Roby John: There’s no denying that keeping on top of trends is crucial. However, from our perspective, there’s no harm to be just a step or two ahead of the trend whether it’s our games or tech in general. We added a new Squid Royale mode inspired by Netflix’s popular show, Squid Game. It was the most popular mode in the game and during this limited-time mode, close to five million new players downloaded the game worldwide at the time.
80.lv: It is crucial nowadays to have a good UA strategy. What is your approach here? What do you do to gain audiences to succeed in the hyper-competitive gaming industry?
Roby John: Aside from ad spends, we’ve been deeply studying the content creator space and how that could help us add to our user bases.
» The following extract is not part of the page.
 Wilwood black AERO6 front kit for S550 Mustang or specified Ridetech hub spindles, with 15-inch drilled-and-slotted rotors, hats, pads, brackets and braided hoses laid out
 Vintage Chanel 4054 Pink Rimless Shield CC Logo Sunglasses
Silly Royale, for example, was our first game with voice chat and we wanted to leverage the community that grew around this feature. It reached a point where players would hang out on voice chat to meet their friends and forge relationships – usually the kind of behavior we’ve seen in MMOs rather than a title that’s perceived to be casual like Silly Royale.
With that in mind, we set out to find the right fit for the game on hand. For Silly Royale, we partnered with popular Minecraft and a variety of streamers like LiveInsaan, and Rachitroo.
They were the right fit for us on almost every parameter – from the games they streamed to the audience participation they had and even the kind of audience they cultivated. Of course, it helps that they have huge followings, but in our experience: that means nothing if the audience isn’t a right fit. In fact, we spent more time researching them than we did signing them on. The audience fit matters and it is one of the reasons why Silly Royale has over 18 million players in under a year since launch.
80.lv: What monetization models do you use in your games? Do you ponder mobile game monetization from the early stages of game development?
Roby John: Our current games feature a mix of in-app purchases and ads. For MaskGun and Silly Royale, our ads are voluntary – you don’t have to watch them if you don’t want to, but if you do, you’re rewarded with certain in-game entitlements. Silly Royale and MaskGun have more focused audiences that may not have the patience to watch ads, which is why they’re voluntary in these games. We think deeply about how to monetize our games and believe that much like our decisions regarding game design and development, this too needs to be approached from a player-first perspective
80.lv: What's your current roadmap? What did you plan for 2022? What will we hear again from you?
Roby John: Both MaskGun and Silly Royale will receive ongoing updates. The former will get more modes that build on established gameplay while the latter will get its most ambitious update to date which we’re referring to as Devil’s Playground internally. That said, the biggest thing that we are looking forward to is the playable launch for our game Indus Battle Royale, our first mobile, PC, and console title.